■ Problem to work on:
The expected result is the full listing, retyped exactly, without a single picture.

■ Given data:
"""

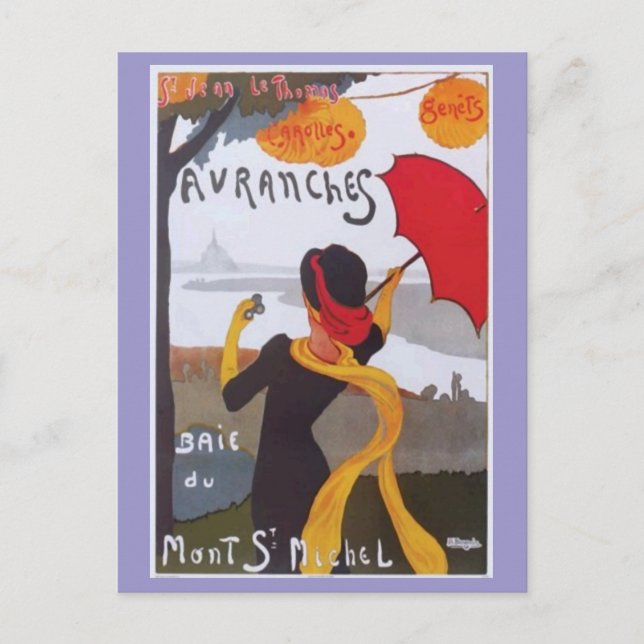 Vintage French Travel Ad 1910 Holiday Postcard (Front)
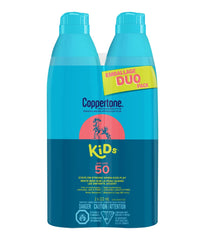 Coppertone Kids Sunscreen Spray SPF 50 Duo Pack, Hypoallergenic Sunscreen for Kids, Water Resistant Face and Body Spray Sunscreen for Children, Octinoxate and Oxybenzone Free, 2 x 222 mL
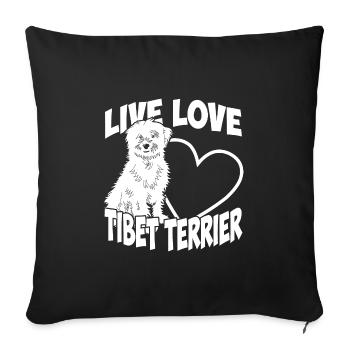 Vivre l’amour tibétain terrier chien Rengaine - Housse de coussin décorative 45 x 45 cm - noir - Devant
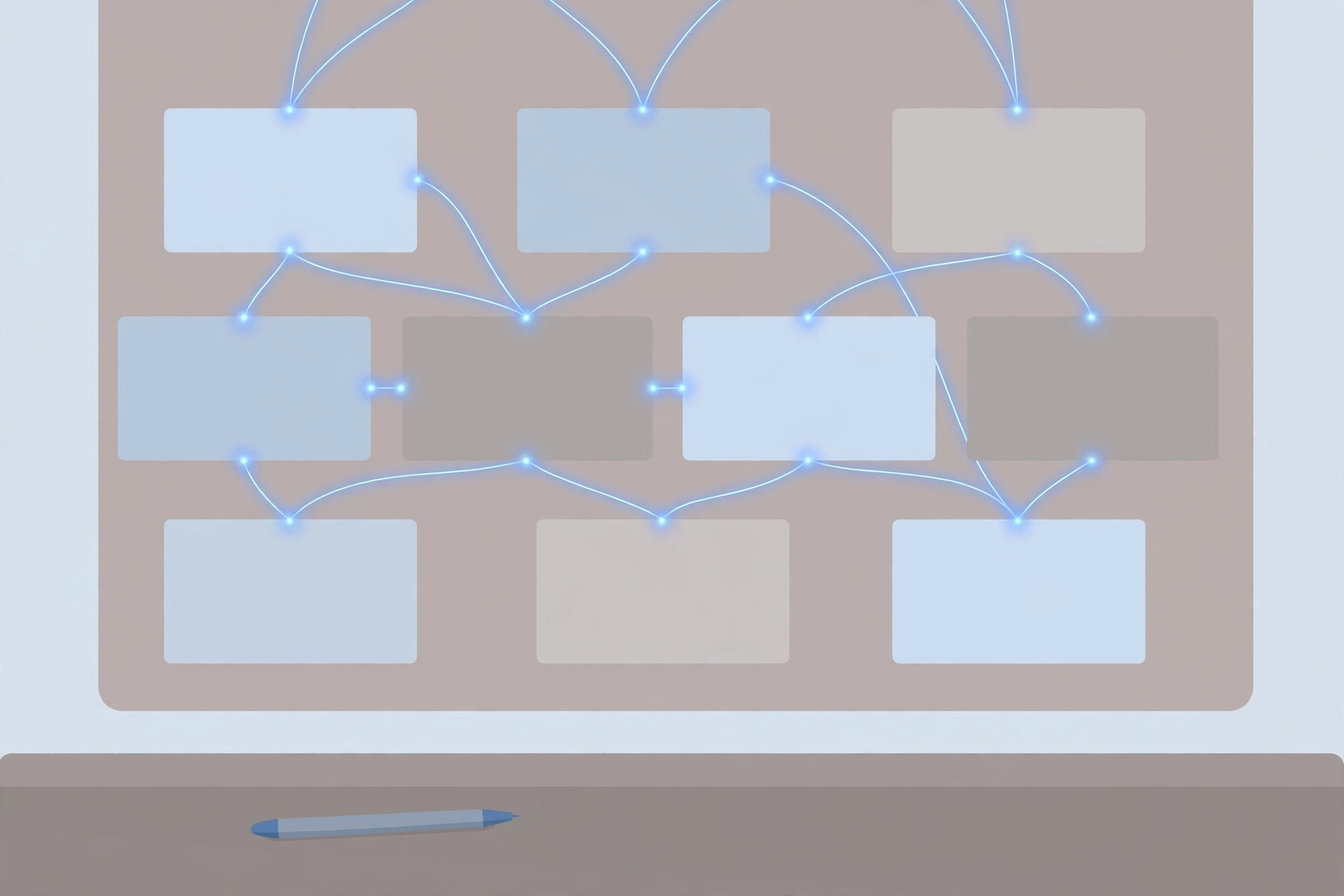 AI-assisted novel outline board with chapter cards connected by glowing lines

"""

■ Exercise solution:
 Vintage French Travel Ad 1910 Holiday Postcard (Front)
 Coppertone Kids Sunscreen Spray SPF 50 Duo Pack, Hypoallergenic Sunscreen for Kids, Water Resistant Face and Body Spray Sunscreen for Children, Octinoxate and Oxybenzone Free, 2 x 222 mL
 Vivre l’amour tibétain terrier chien Rengaine - Housse de coussin décorative 45 x 45 cm - noir - Devant
 AI-assisted novel outline board with chapter cards connected by glowing lines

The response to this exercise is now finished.